И ежели б не подслушал сего разговора Филя…

Но они не поверили, они с Антонеллой не могли поверить, они еще на что-то надеялись, хотя Федора уже гоняли на барщину вместе с прочими тяглыми мужиками – его даже в доме не оставили, – а ее миловали только из-за крайней тягости положения: хотелось Карле Иванычу власть показать, да опасался загнать хрупкую чужеземку в гроб и этим нарушить целостность покупаемого имущества. Она гнула спину в девичьей, над шитьем столового белья.

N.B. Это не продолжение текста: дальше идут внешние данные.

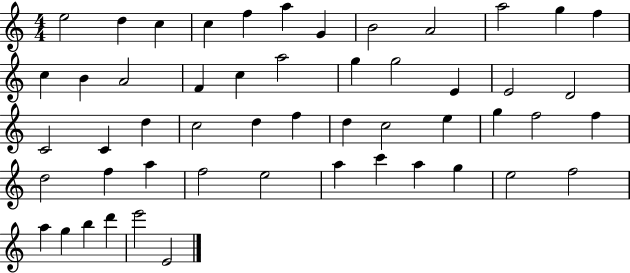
X:1
T:Untitled
M:4/4
L:1/4
K:C
e2 d c c f a G B2 A2 a2 g f c B A2 F c a2 g g2 E E2 D2 C2 C d c2 d f d c2 e g f2 f d2 f a f2 e2 a c' a g e2 f2 a g b d' e'2 E2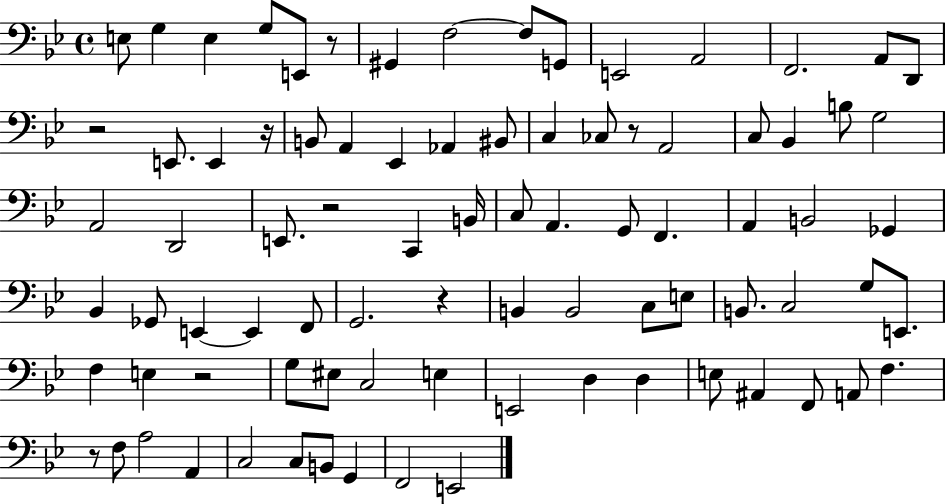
X:1
T:Untitled
M:4/4
L:1/4
K:Bb
E,/2 G, E, G,/2 E,,/2 z/2 ^G,, F,2 F,/2 G,,/2 E,,2 A,,2 F,,2 A,,/2 D,,/2 z2 E,,/2 E,, z/4 B,,/2 A,, _E,, _A,, ^B,,/2 C, _C,/2 z/2 A,,2 C,/2 _B,, B,/2 G,2 A,,2 D,,2 E,,/2 z2 C,, B,,/4 C,/2 A,, G,,/2 F,, A,, B,,2 _G,, _B,, _G,,/2 E,, E,, F,,/2 G,,2 z B,, B,,2 C,/2 E,/2 B,,/2 C,2 G,/2 E,,/2 F, E, z2 G,/2 ^E,/2 C,2 E, E,,2 D, D, E,/2 ^A,, F,,/2 A,,/2 F, z/2 F,/2 A,2 A,, C,2 C,/2 B,,/2 G,, F,,2 E,,2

Барина нового ждали со дня на день, но что-то еще задерживало его в Петербурге, какие-то последние хлопоты насчет бумаг. Видимо, он твердо решил получить право на Красивое по закону, чтобы никто и никогда не мог придраться. Только реляции его шли одна за одной – наказы управляющему, и даже такой тупица, как Карла Иваныч, понял в конце концов, что из всего ромадинского добра нового хозяина более всего интересуют четыре вещи: графский пащенок, чужеземка, ее будущее отродье и та самая картина, которую все лето малевал Федька Ильин (в ту пору их сиятельство молодой граф Федор Ильич) в своем флигеле.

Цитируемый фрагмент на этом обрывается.